4.36s was with bs= 512
I get 2.81 s with bs=128

Depends on your machine too I guess. You’d have to compare with the cifar10-fast version on your own machine.

Edit: also I’m using your first dataloader, not the in memory cached/loaded version.

This is baffling me. I am running on the same colab runtime, first the following (for cifar10-fast):

epochs=24
lr_schedule = PiecewiseLinear([0, 5, epochs], [0, 0.4, 0])
batch_size = 128
transforms = [Crop(32, 32), FlipLR(), Cutout(8, 8)]
N_runs = 5
train_batches = Batches(Transform(train_set, transforms), batch_size, shuffle=True, set_random_choices=True, drop_last=True)
test_batches = Batches(test_set, batch_size, shuffle=False, drop_last=False)
%time next(iter(train_batches))

which outputs CPU times: user 13.9 ms, sys: 2.39 ms, total: 16.3 ms

then (for fastai):

data = ImageDataBunch.from_folder(path, valid='test', bs=128, ds_tfms=tfms)
cifar_stats = ([0.491, 0.482, 0.447], [0.247, 0.243, 0.261])
data = data.normalize(cifar_stats)
%time next(iter(data.train_dl))

which outputs CPU times: user 22 ms, sys: 81.3 ms, total: 103 ms.

That is more than 6x slower in total time, but not as drastic as what you @Seb observed.

The iter will create the PyTorch dataloader which will create the worker processes. This is quite slow (and could be a lot slower on cloud machines than native, it’s also reportedly quite slow on windows). Try separaely doing it = iter(data.train_dl) and %time next(it). Also check a subsequent next as well, not sure if eveything is kicked off on creation or some stuff only on access.

On that, you might want to reduce num_workers in databunch creation. It uses the CPU count by default which includes hyperthreading CPUs so if not ideal there and may also not be the best using cloud providers with virtual CPUs where overall CPU usage may be throttled and the overhead of extra workers outweighs the benefits. Also worth trying num_workers=0 to elminate the multi-process overhead (though may slow things down a lot of CPU bound).

1 Like

Thanks! This is great to know. Here are the results:

When running %time next(it) the first time, it outputs CPU times: user 15 ms, sys: 73 ms, total: 88 ms, when running it again, it outputs CPU times: user 1.65 ms, sys: 816 µs, total: 2.46 ms.

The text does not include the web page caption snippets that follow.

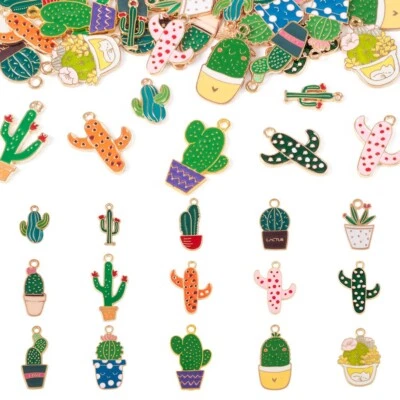 30Pcs 15 Styles Alloy Enamel Pendants Cactus Charms For Jewelry Making 16.5~29mm - Image 1 of 4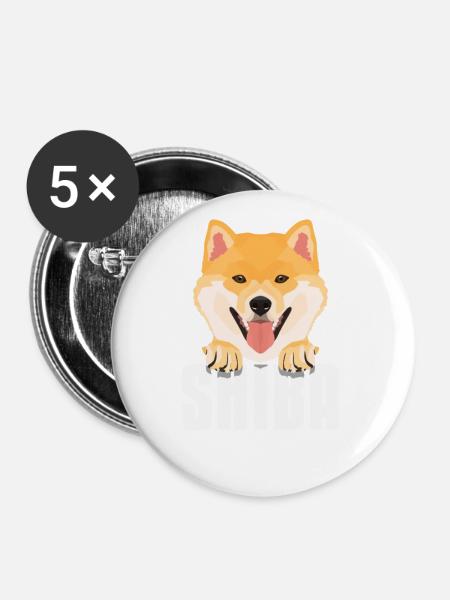 Lächelnder Shiba Inu - Buttons klein 25 mm (5er Pack) - Weiß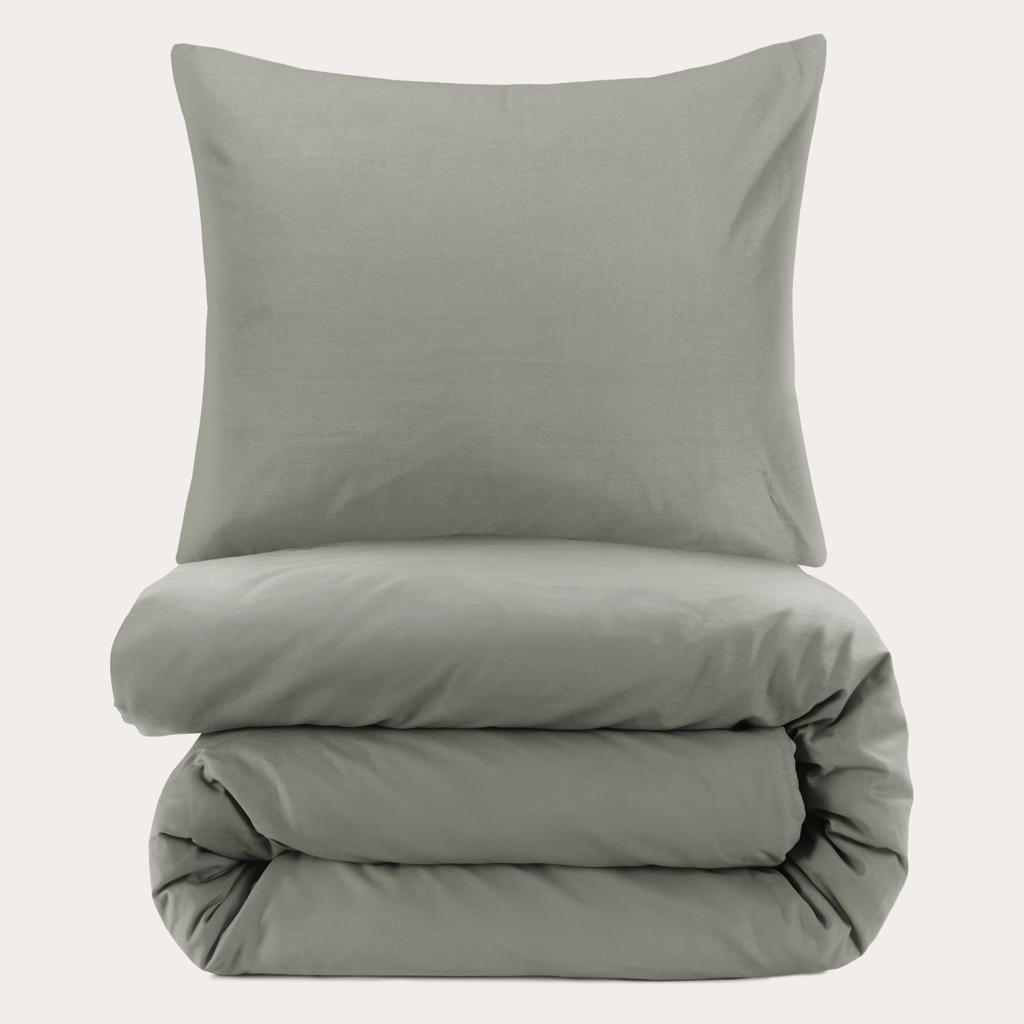 NOUS Living katoenen 1-persoons dekbedovertrek 140x220 cm - groen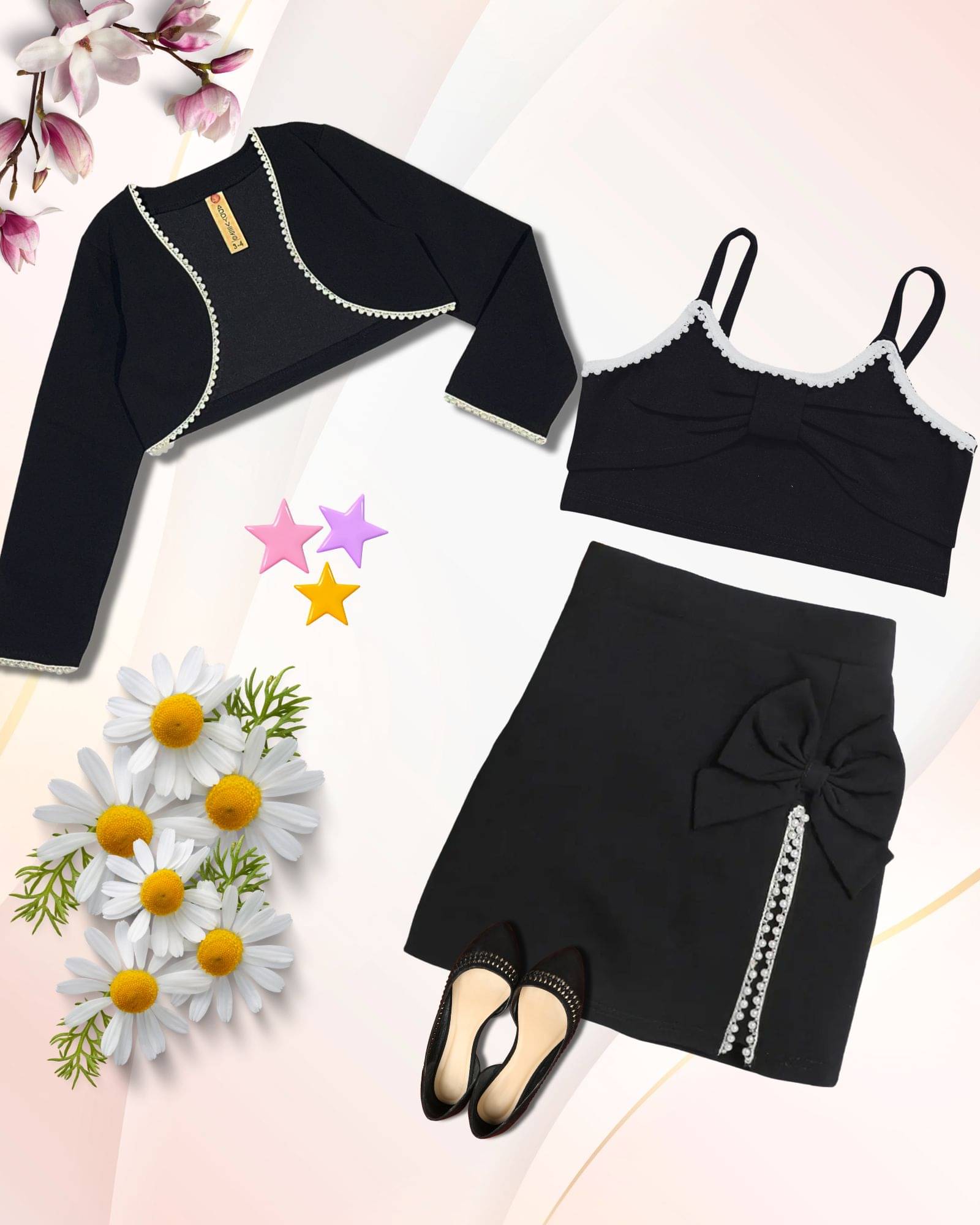     			Addyvero Pack of 1 Girls Polyester Top With Skirt ( Black )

This is on a standard ImageDataBunch, not an in-memory dataset.

Do we know that we are comparing apples to apples now or is this giving fastai an unfair advantage?

The original default to num_workers=0 so fair.

OK, so this means we are probably not going to find the bottleneck in the data loading. Good to know, though!

Batch size = 128.

Cifar10-fast (didnt look into workers)

First iteration: 5-30ms
Second iteration: same order of magnitude

Fast.ai:

  1. Workers = 0
    First iteration: 150ms, up to 1.6s
    Second iteration: xxx ms

  2. Default workers (16?)
    First iteration: 3s
    Second: 2ms

Ranges are a bit guesstimated.

Did you run this with cifar10-fast as well?

This should be comparable.

I don’t believe this is comparable, you would need to do it = iter(train_batches) and then run next(it) just like you did with fastai’s databunch.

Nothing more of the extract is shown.